Finding The Power
The history goes like this. African Americans in dance have had to gather on their own to celebrate the black tradition in American dance. Modern dance pioneers Edna Guy and Hemsley Winfield held the “First Negro Dance Recital in America” in 1931, and Guy and Alison Burroughs organized a second one, called “Negro Dance Evening,” in 1937. Much later, Alvin Ailey started his company of primarily black dancers in 1958, and Arthur Mitchell and Karel Shook formed Dance Theatre of Harlem for black ballet dancers in 1969. Brooklyn Academy of Music hosted a momentous three-day festival of blacks in dance in 1983.
And in 1988, the International Association of Blacks in Dance assembled to follow in this tradition. Twenty-two years later, IABD is now a force that continues to make this happen. The IABD annual conference has become a forum where African Americans can ask questions and not only get answers but help—particularly in terms of getting visibility. This kind of nurturing is what IABD has always been about.
But even more than that, for young African American artists who perform at an IABD conference, it is almost sure that they will make a connection that will help launch their career. This is not by chance: It is part of the mission of the conference to continue the artistic lineage. And it is part of the spirit of the community that older artists give a hand to younger ones.

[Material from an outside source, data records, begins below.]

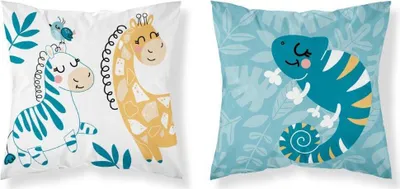 Produktbild von Poszewka na poduszkę, poszewka dziecięca 100% bawełna 40x40cm zwierzęta, turkusowa 3959a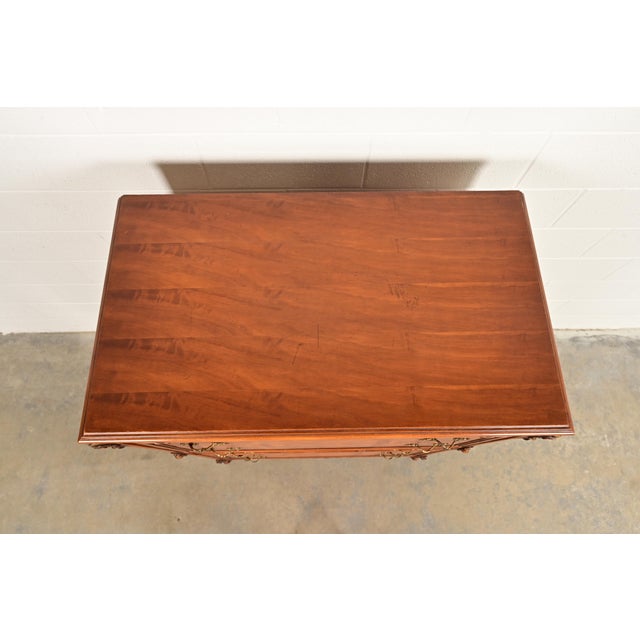 Romweber Style Antique French Provincial Louis XV Carved Satinwood and Burl Wood Highboy Dresser, Circa 1920s For Sale - Image 9 of 12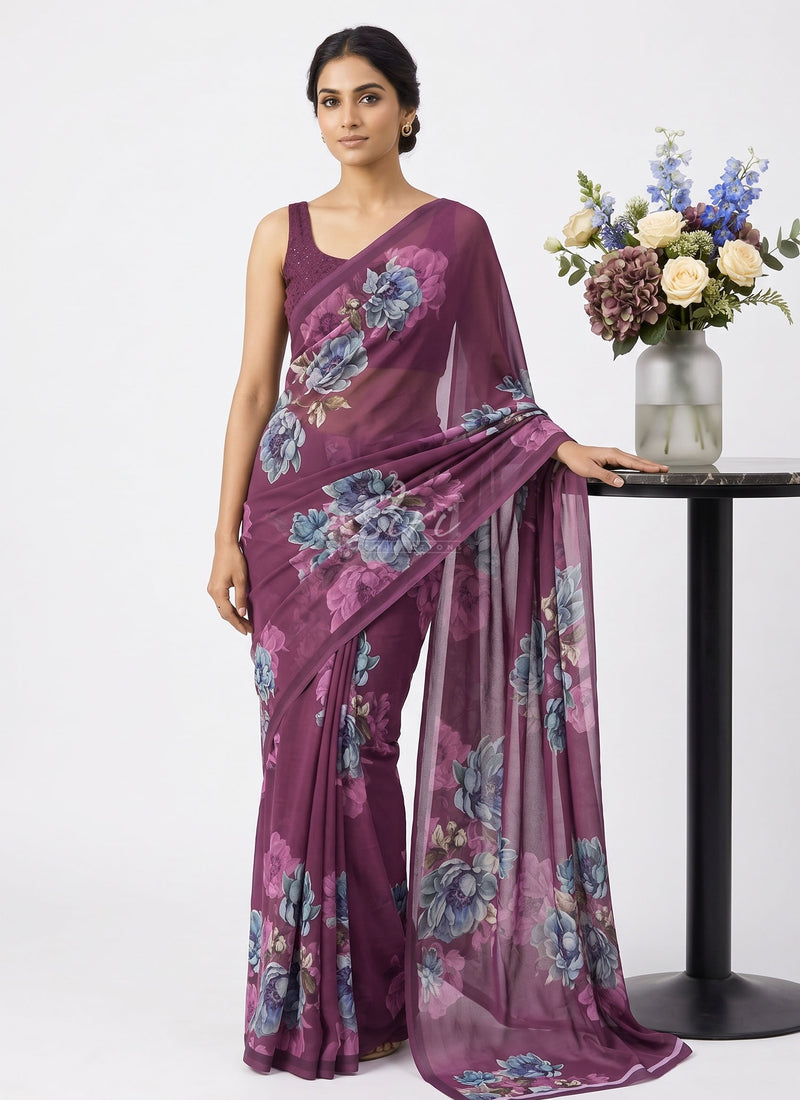 Latest Premium Digital Print Georgette Saree with Blouse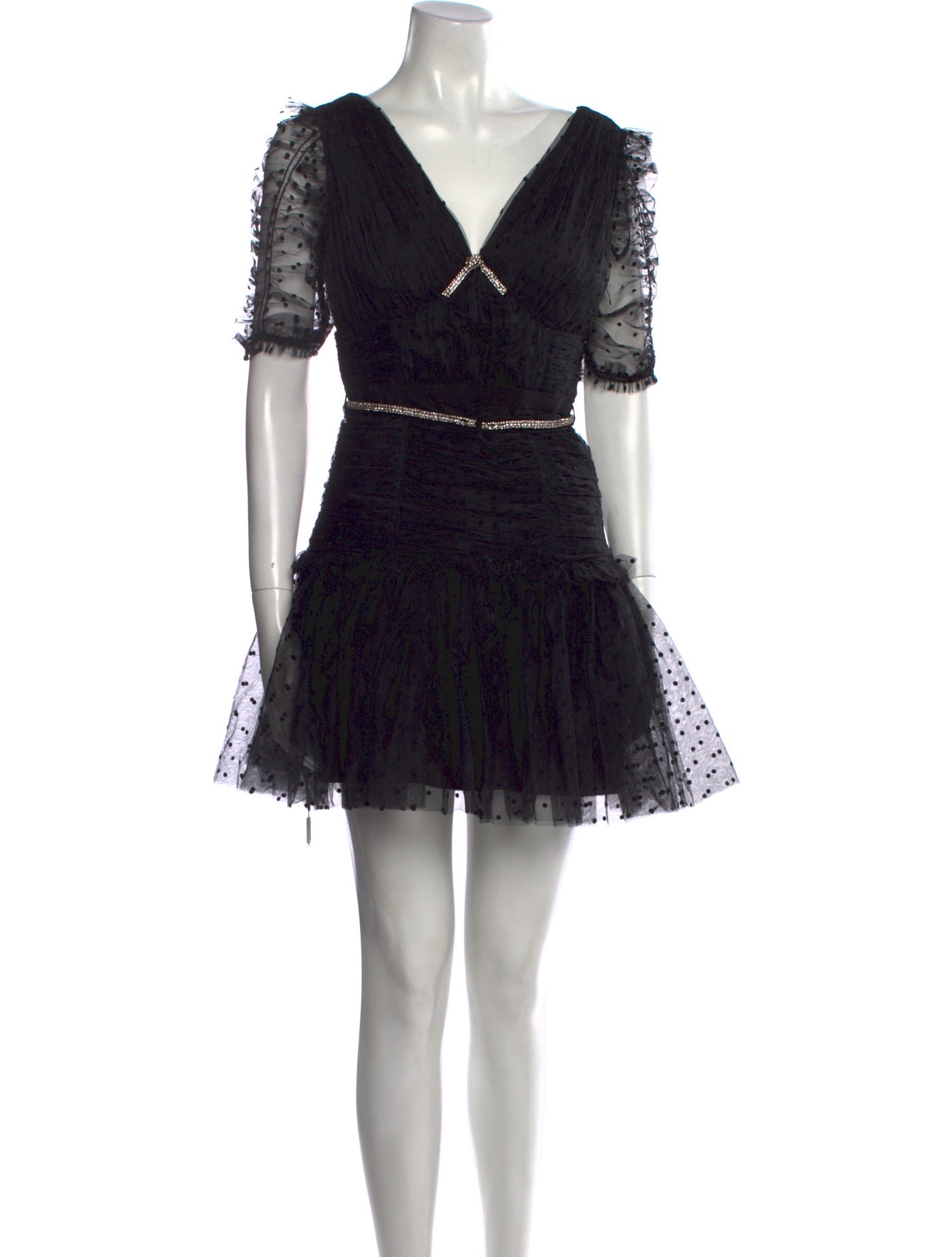 Self-Portrait V-Neck Mini Dress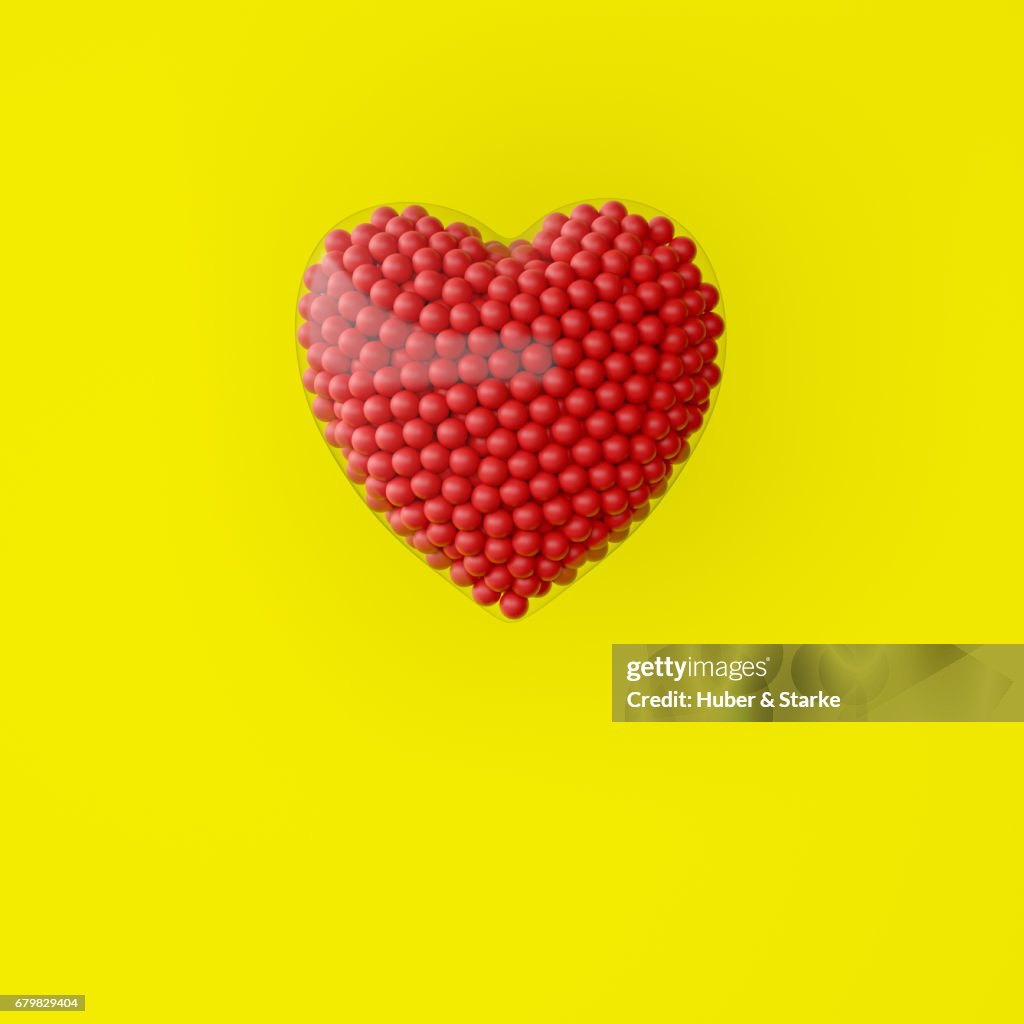Heart with lots of red spheres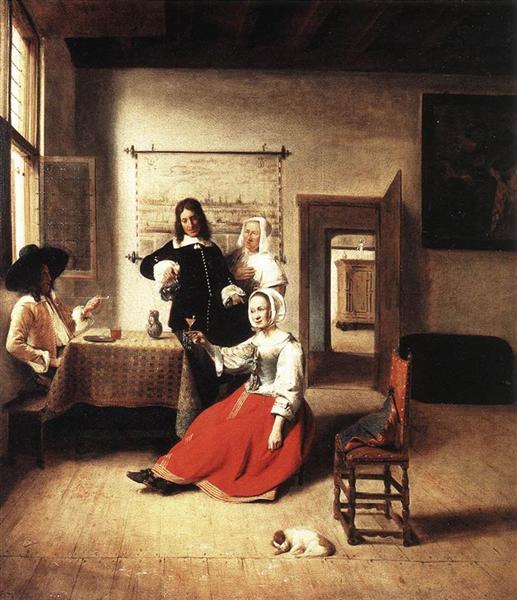 Woman drinking with soldiers, 1658 - Питер де Хох
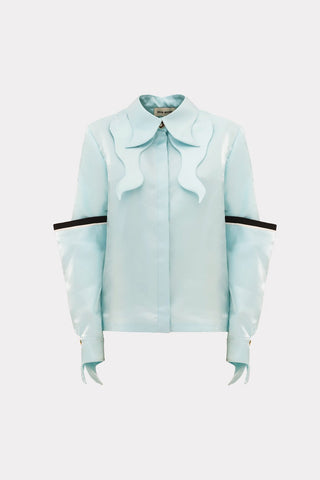 Designer Silk Organza Shirt With Double Sleeves – Menthol - Julia Allert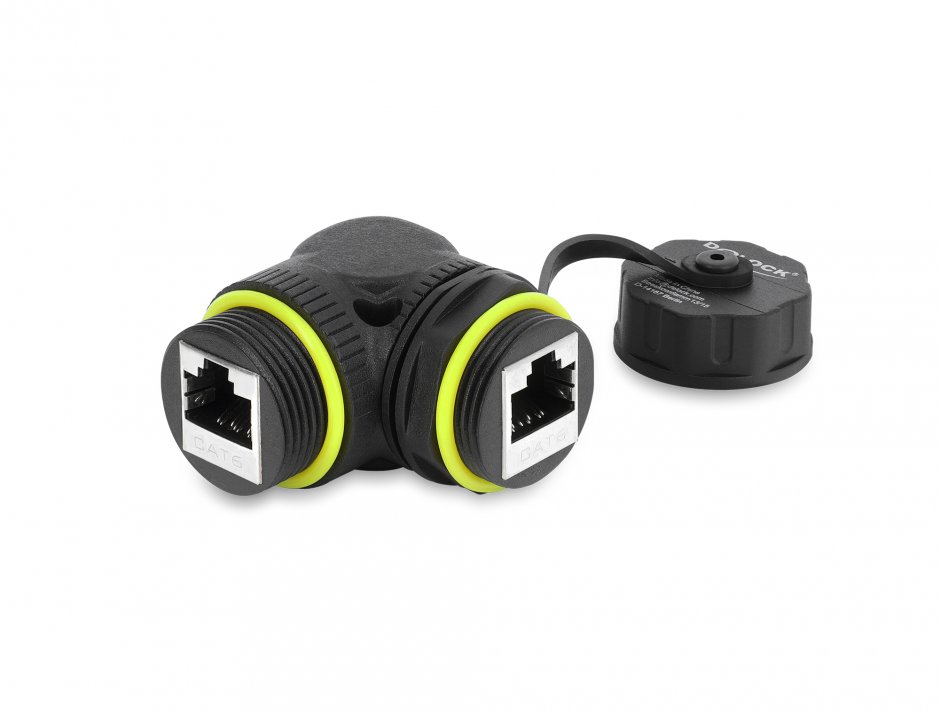 Imagine Cupla RJ45 Cat.6 ecranata waterproof IP68 unghi 90 grade M-M, Delock 87407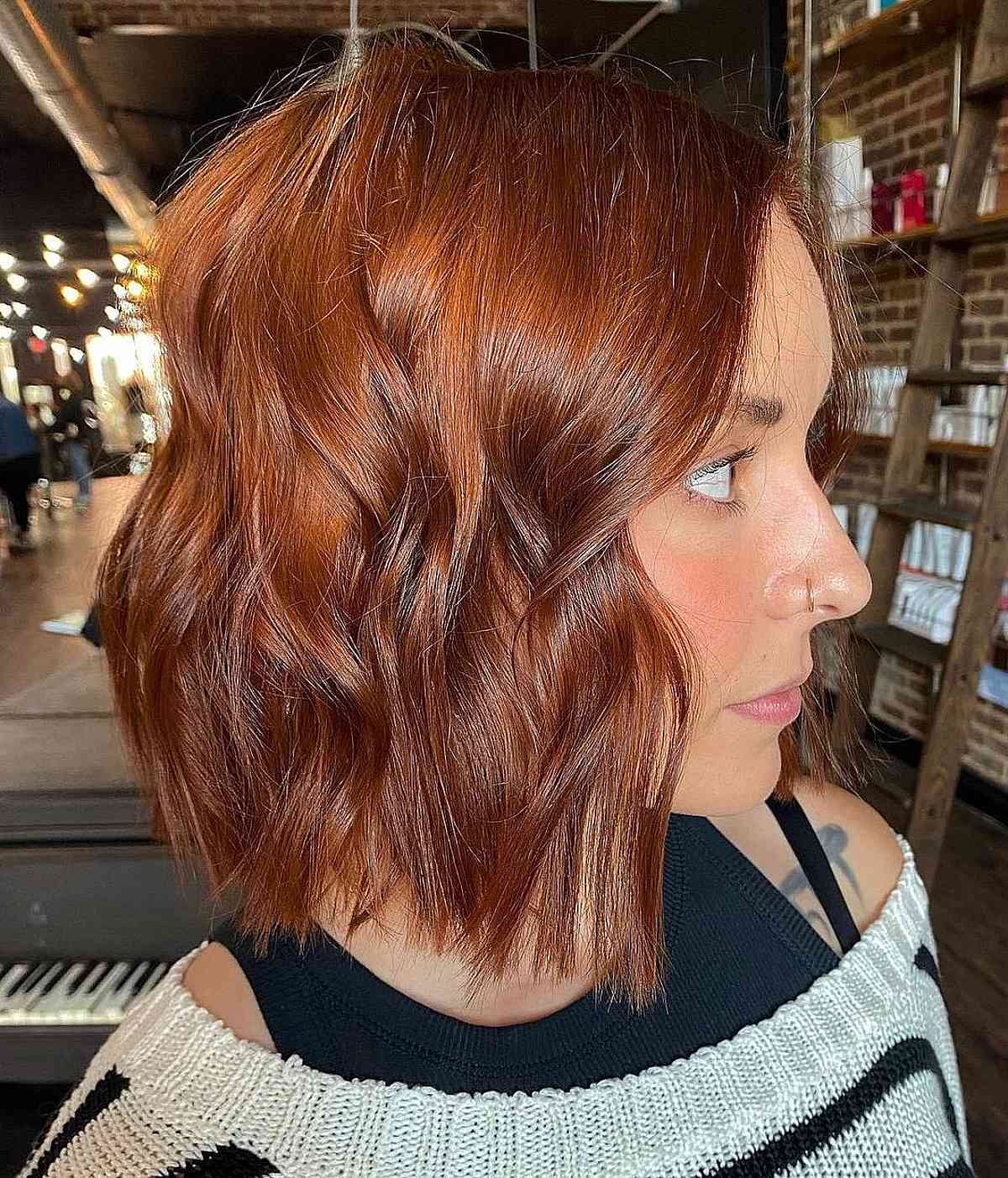 Coppery Auburn Lob Hairstyle for Shorter Hair
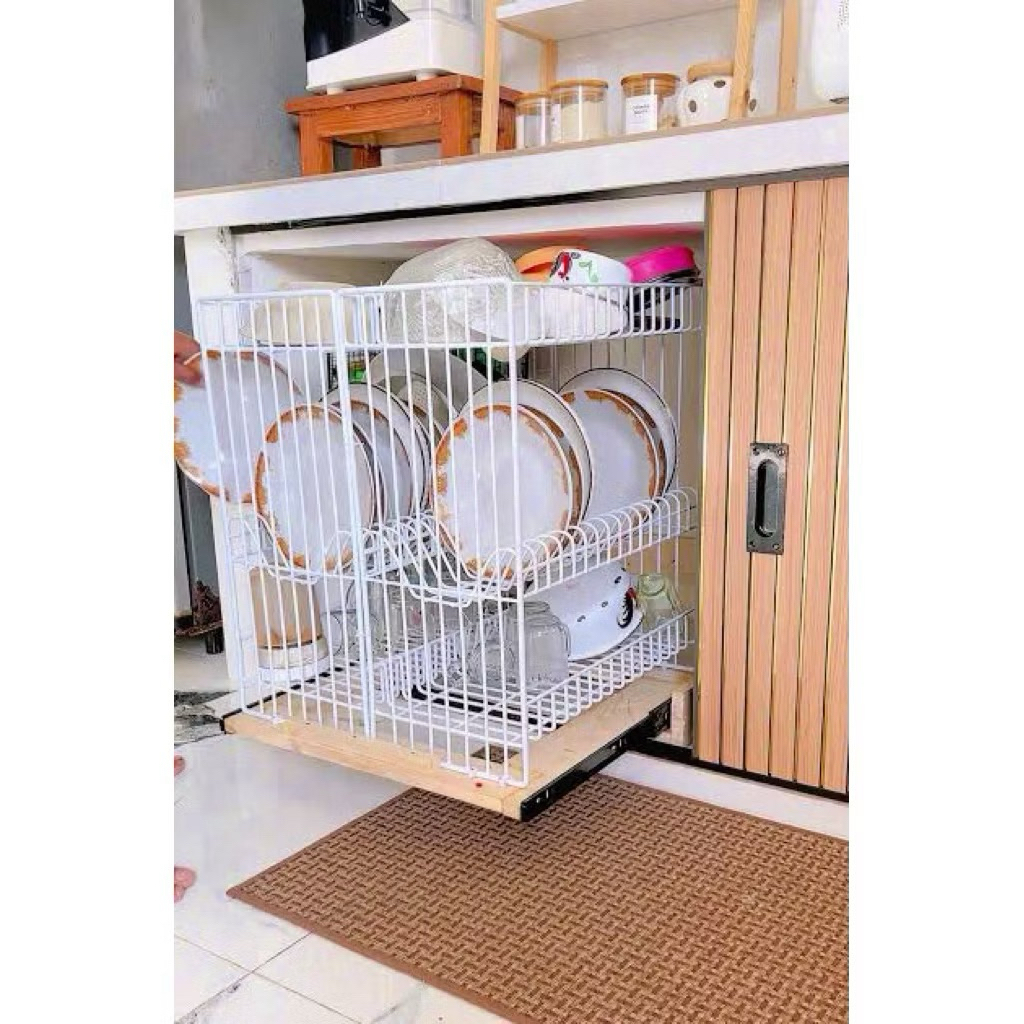 Dudukan Tatakan Rak Piring Tarik Dorong Bawah Kitchen Set Kayu Jati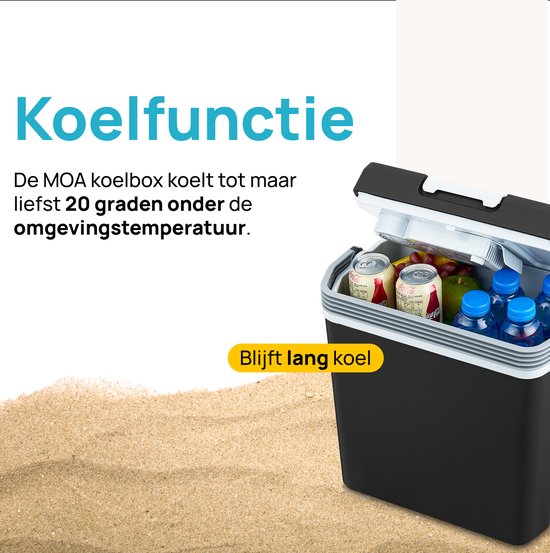 MOA Coolbox Electric 12v 230 volt - 22L - Kühlbox - Camping-Kühlschrank - Auto und Camping - Kühlung und Heizung - Schwarz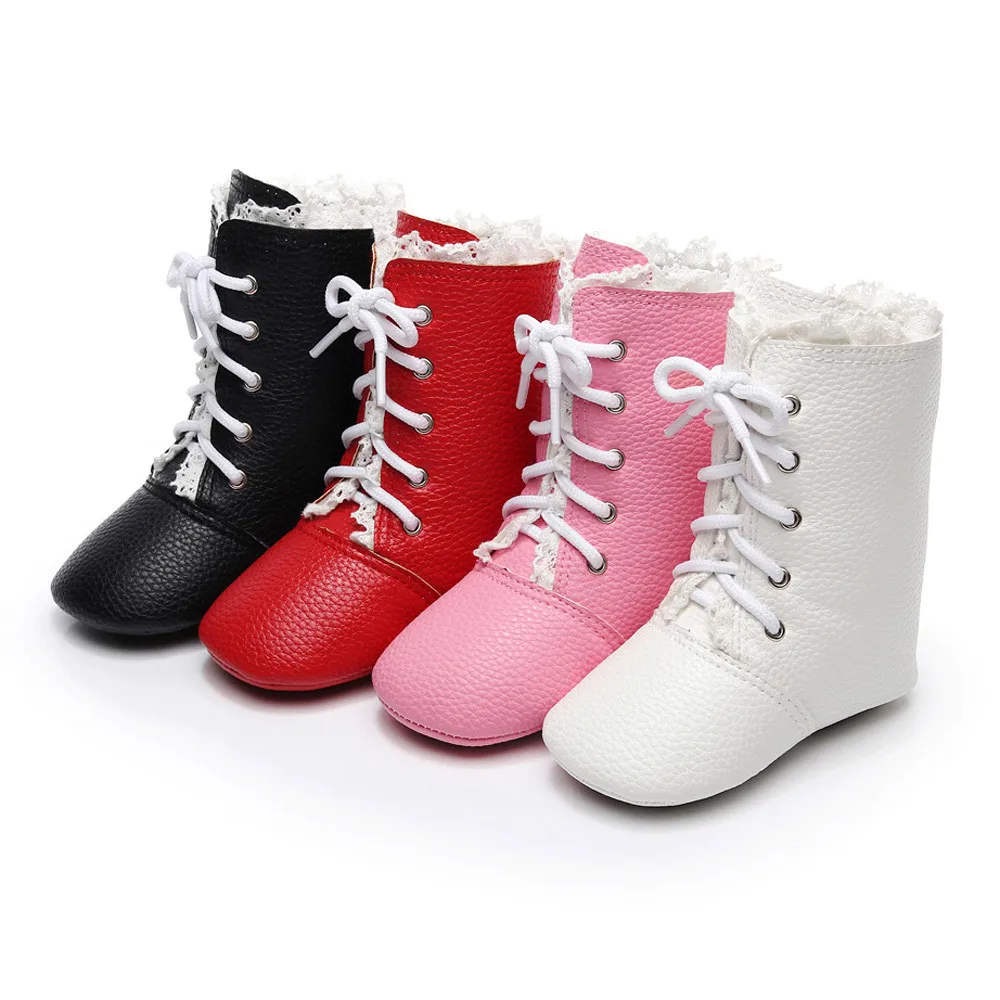 Зимние сапоги из натуральной кожи для девочек Розовая обувь детские зимние Martin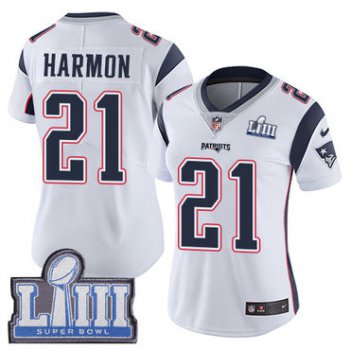 Women's New England Patriots #21 Duron Harmon White Nike NFL Road Vapor Untouchable Super Bowl LIII Bound Limited Jersey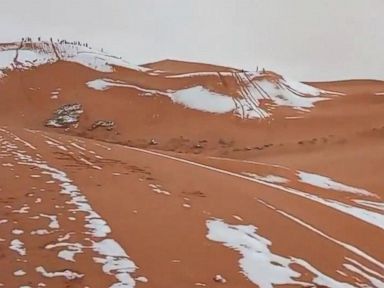 WATCH: Rare snowfall hits the Sahara Desert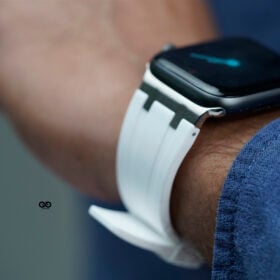White Fluoro Rubber Strap With Titanium Buckle For Apple Watch 44MM 45MM 46MM Series 4 5 6 7 8 9 10 11 (SE 2 3 Gen)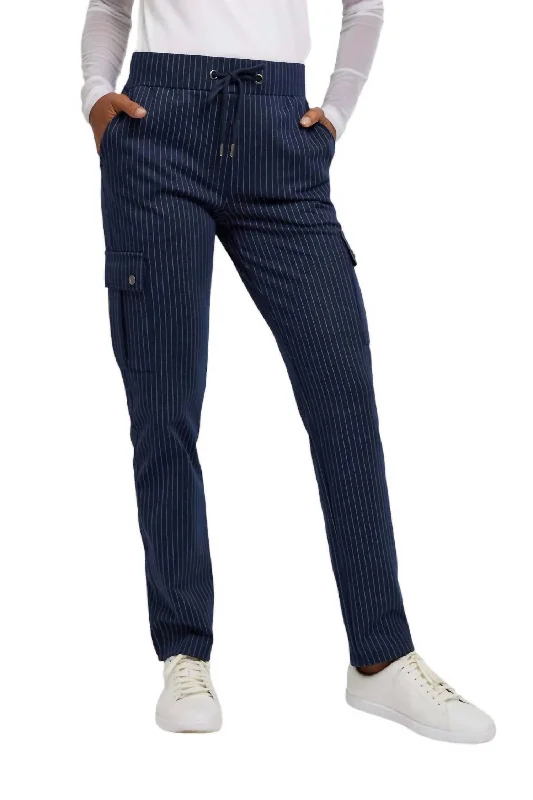 curve edge pants -Women's Indie Pinstripe Pant In Navy/white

Two examples are Camille A. Brown and Rennie Harris. Both were “seen” at an IABD conference, got work, and their careers took off. Brown showed a piece at IABD in 2006 and caught the eye of Ailey director Judith Jamison, who quickly commissioned her. The result was The Groove to Nobody’s Business (2007), which put a different look on Alvin Ailey American Dance Theater. Clearly influenced by urban cool, Brown re-created a ride on the New York City subway with familiar characters, whose daily grind comes through in movement. The tempo is quick and the energy is highly theatrical. Brown’s terse yet fluid movement digs deep into the ground but soars with equal lilt as the cast plays musical chairs, vying for a seat. Brown was instantly recognized as a new voice on the scene (see “Quick Q & A,” Dec. 2007).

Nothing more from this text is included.